En cada una de las bombas de gasolina se observó, a través de las cámaras de seguridad, que los miembros de la banda se movilizaban a bordo de un taxi y con estas imágenes supieron cuál era número de las placas, además, que el hombre con corte militar que siempre bajó a realizar la transacción vestía chaqueta negra y pantalón verde camuflado y es el mismo que aparece en las imágenes captadas en el sitio del homicidio y en el lugar en donde fue abandonado el vehículo Volkswagen Gol.

Con las placas del taxi llegaron hasta la empresa en donde está afiliado el vehículo y luego a donde su propietario, quien en declaración juramentada aseguró que tiene dos conductores, uno de día y otro para la madrugada. Este último,  había empezado a trabajar desde el pasado 22 de enero. El taxista fue identificado como Andrés Felipe Castiblanco Hernández, que se convirtió en el primer capturado en este caso, y quien pasó a ser un testigo clave para revelar a los demás miembros de la banda.

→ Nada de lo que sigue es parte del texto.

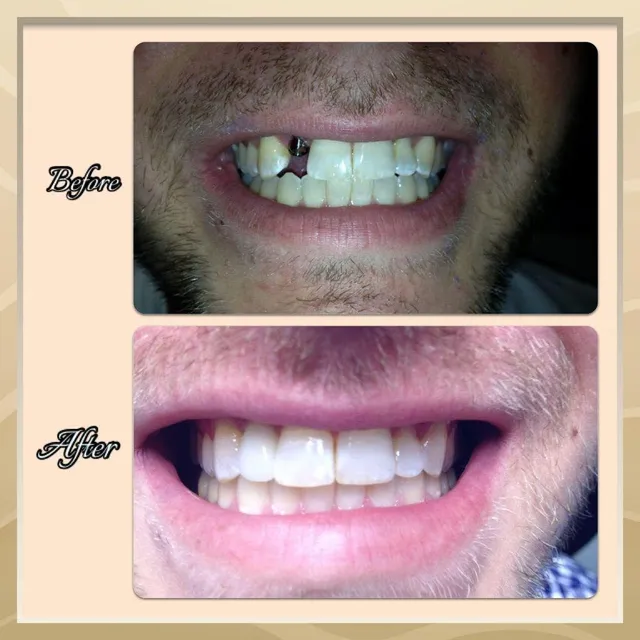 Before and after smile transformation — case 2, treated at Crozet Family Dental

Castiblanco declaró a la Fiscalía que esa  noche en la que mataron a Juan Sebastián le había prestado el taxia un amigo de nombre ‘David’, quien se llevó a las 11 de la noche lo devolvió las 2:00 de la mañana. Dijo, además, que después "acompañó a ‘David’ a hacer los retiros con una tarjeta de crédito por las bombas de gasolina".

Castiblanco Hernández manifestó también que a su taxi se embarcaron alias el Calvo y alias Chiquitín, amigos de ‘David’, información que sirvió para determinar que se trataba de los mismos que aparecían involucrados en el atraco de otro conductor de Uber el pasado 27 de febrero. Ese día fueron capturados por las autoridades cuando se movilizaban a bordo del carro robado, en la caza participó hasta un helicóptero de la Policía, y posteriormente un juez los dejó en libertad.

Castiblanco Hernández,  reconoció a los de la banda en un albumen fotográfico del CTI de la Fiscalía, y es ahí cuando un juez emite las órdenes de captura en contra de alias Chiquitín y alias el Calvo. Añadió Castiblanco en su testimonio que ‘el Calvo’ fue a quien vio cuando subió al taxi con sus ropas untadas de sangre.

A ‘Chiquitín’ y al ‘Calvo’ el juez del caso los envió a la Cárcel Modelo de Bogotá, en donde permanecerán a la espera del juicio, por los delitos de concierto para delinquir, hurto agravado y homicidio agravado.